J'espère bien que vous poserez cette question aussi à des entreprises américaines, et non pas qu'à Huawei… Sachez que notre groupe est ouvert à toutes les propositions pour garantir la sécurité en France. Mais ce pour toute l'industrie, pas que pour une seule entreprise. Nous pourrions par exemple travailler ensemble à l'élaboration d'une norme de sécurité, un standard qui serait valable pour tous.

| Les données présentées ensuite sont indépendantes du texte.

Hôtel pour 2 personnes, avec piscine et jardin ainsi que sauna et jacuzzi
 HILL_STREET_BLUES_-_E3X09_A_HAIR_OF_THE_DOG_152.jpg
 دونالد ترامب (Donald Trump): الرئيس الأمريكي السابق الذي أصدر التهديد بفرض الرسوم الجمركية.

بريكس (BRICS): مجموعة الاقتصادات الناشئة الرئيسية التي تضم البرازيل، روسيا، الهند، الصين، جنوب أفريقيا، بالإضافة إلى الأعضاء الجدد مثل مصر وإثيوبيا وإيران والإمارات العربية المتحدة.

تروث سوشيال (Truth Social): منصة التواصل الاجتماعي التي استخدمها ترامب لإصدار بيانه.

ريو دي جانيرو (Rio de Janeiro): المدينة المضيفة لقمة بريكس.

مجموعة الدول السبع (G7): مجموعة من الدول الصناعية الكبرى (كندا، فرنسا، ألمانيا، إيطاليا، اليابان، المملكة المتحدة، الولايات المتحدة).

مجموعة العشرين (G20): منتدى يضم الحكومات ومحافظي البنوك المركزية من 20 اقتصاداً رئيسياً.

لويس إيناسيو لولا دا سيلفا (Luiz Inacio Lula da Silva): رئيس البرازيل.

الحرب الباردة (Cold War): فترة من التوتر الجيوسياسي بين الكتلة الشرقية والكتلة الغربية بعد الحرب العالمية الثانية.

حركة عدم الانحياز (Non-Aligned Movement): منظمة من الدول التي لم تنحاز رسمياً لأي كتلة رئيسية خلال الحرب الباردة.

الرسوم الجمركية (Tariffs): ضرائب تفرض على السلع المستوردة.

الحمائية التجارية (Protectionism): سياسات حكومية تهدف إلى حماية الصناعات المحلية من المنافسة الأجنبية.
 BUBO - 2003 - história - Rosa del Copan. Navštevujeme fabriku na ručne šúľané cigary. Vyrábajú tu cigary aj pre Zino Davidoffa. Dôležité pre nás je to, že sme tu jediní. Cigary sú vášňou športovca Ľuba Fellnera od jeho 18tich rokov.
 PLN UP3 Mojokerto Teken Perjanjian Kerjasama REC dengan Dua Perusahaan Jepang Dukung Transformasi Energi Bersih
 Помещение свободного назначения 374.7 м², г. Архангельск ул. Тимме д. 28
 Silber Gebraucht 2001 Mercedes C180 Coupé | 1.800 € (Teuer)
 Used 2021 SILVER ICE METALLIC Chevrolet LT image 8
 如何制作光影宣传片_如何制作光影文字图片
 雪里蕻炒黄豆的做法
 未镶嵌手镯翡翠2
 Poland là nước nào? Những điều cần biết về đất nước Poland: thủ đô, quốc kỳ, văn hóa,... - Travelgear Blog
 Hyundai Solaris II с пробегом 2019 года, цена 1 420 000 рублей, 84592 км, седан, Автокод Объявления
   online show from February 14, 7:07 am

Nos standards de sécurité sont parmi les meilleurs du marché. 223 partenaires du monde entier les ont d'ailleurs évalués. En France, nous avons fait une expérimentation 5G avec Cesti Thales, qui a donné lieu à un rapport, transmis ensuite à l'Agence chargée de la sécurité des systèmes d'information, l'Anssi. L'agence elle-même nous a recommandé de partager notre savoir-faire avec nos partenaires. Ce que nous nous sommes empressés de faire.
L'Anssi s'apprête justement à répondre aux opérateurs télécoms qui souhaitent avoir recours à Huawei sur la 5G. Quels sont ceux qui ont demandé à vous avoir comme partenaire ?
SFR et Bouygues Telecom, à qui Huawei fournit déjà les équipements mobiles en France, souhaitent à nouveau travailler avec nous pour la construction de leurs réseaux 5G dans l'Hexagone. Iliad a aussi déposé une demande d'autorisation pour nos équipements 5G. Nous travaillons déjà sur les réseaux mobiles de ce groupe en dehors de la France, en Irlande, par exemple.